I've been puzzling for weeks about which band I wanted to kick off Scottish Sundays with. Big Country, the band that ruled my late teenaged years? Pilot, whose hit "Magic" inspired me during the magical Spring of 1975? The Cocteau Twins? Pre-sellout Simple Minds?
Then it occurred to me that there's only one place to begin: the all-time subversive classic, the film they couldn't ban, The Wicker Man.
The more I watch this film the more dangerous I realize that it is, and the more I realize why the powers-that-be were so eager to suppress it, going so far as to bury the negative under the asphalt of a highway. I start to (strongly) suspect that the roundly-hated remake of the film was no homage, rather a deliberate effort to discredit and tarnish the reputation of the original. Given all of this drama, it almost pains me to note that none of the stars of the film are themselves Scottish!

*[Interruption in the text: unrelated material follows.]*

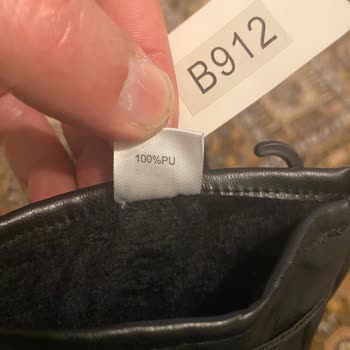 Trendyol'dan Sahte Deri Eldiven Şoku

And on the heels of all the Hathor symbolism we've been looking at, what else but this ritual to the goddess of love and music and drink could be culled from that epochal film?
This scene features Wicker Man soundtrack composer, the Italian-American (!) Paul Giovanni singing the lead.
Aside from acting as the setting of The Wicker Man, Scotland is the land of the Templar Diaspora, Rosslyn Chapel, the Edinburgh Beltane Festival, and a whole host of shamanic musicians whose work will be celebrated here in the weeks to come.